Fabius Stanly-born on 15 December 1815 in New Berne, N.C.-was appointed midshipman on 20 December 1831. He was promoted to lieutenant on 8 September 1841. During the Mexican War, he was assigned to the Pacific Squadron and participated in the capture of California and the defense of San Francisco. He also took part in several land raids and, on one occasion, led a party of 30 bluejackets on a cannon-spiking raid in the midst of 1,500 enemy troops. He completed his mission successfully, returning to the boats with all his wounded and some prisoners to boot.
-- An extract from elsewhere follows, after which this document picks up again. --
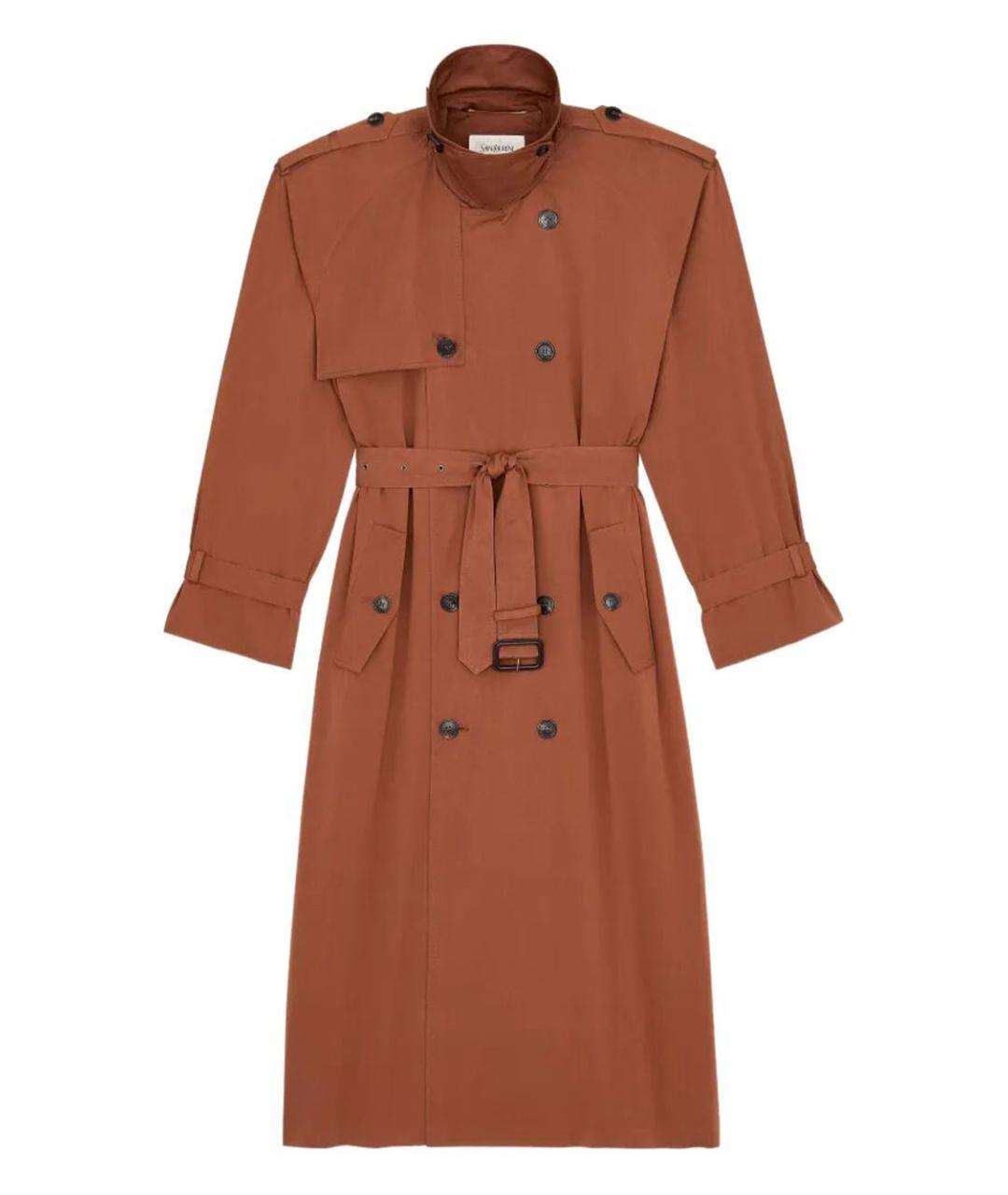 SAINT LAURENT Коричневый хлопковый тренч/плащ, фото 3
Promoted to commander at the outset of the Civil War, he served in the Pacific Squadron until 1864. At that time, he was given command of State of Georgia and cruised off the coast of South Carolina for the duration of the war. Stanly was commissioned captain on 25 July 1866, commodore on 1 July 1870, and rear admiral on 12 February 1874. He was retired from the Navy on 4 June 1874 and died in Washington, D.C., on 5 December 1882.
(DD-478: dp. 2,050; l. 376'5"; b. 39'7"; dr. 17'9"; s. 35.2 k. (tl.); cpl. 329; a. 5 5", 10 40mm., 10 21"tt.; cl. Fletcher)
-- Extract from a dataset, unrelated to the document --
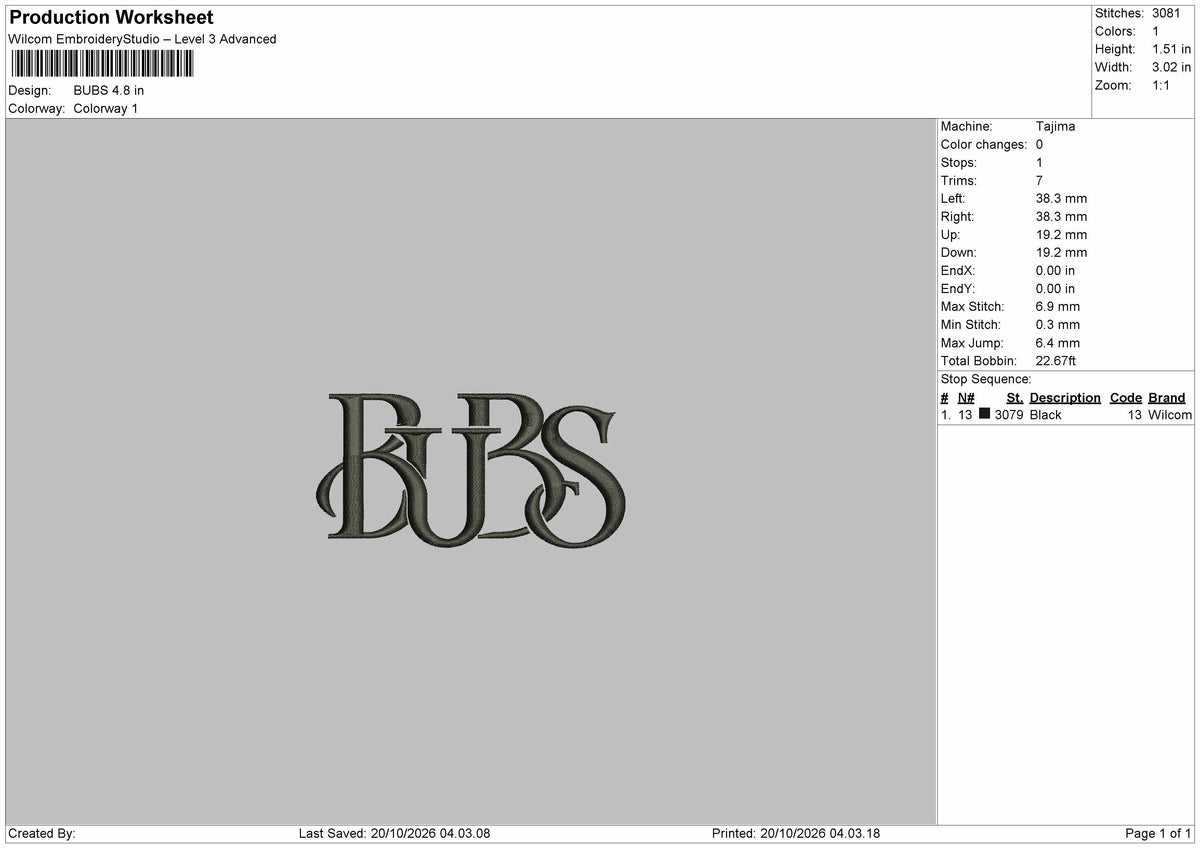 Bubs Text Embroidery Machine Design File 6 sizes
Stanly (DD-478) was laid down on 15 September 1941 at the Charleston Navy Yard, Charleston, S.C.; launched on 2 May 1942; sponsored by Mrs. Elizabeth Stanley Boss; and commissioned on 15 October 1942, Lt. Comdr. James M. Robinson in command.
Stanly remained in Charleston fitting-out and undergoing dock trials until 30 December. During that time, her seaplane catapult was removed to make room for additional 5-inch guns. On the 30th, she passed Fort Sumter on her way to shakedown training off the coast of Cuba. Stanly returned to Charleston on 7 January 1943 and operated on the east coast and in Guantanamo Bay until 28 February when she rounded Cape Charles and headed for Delaware Bay, where she joined Sante Fe (CL-60) and sailed with the light cruiser for Panama.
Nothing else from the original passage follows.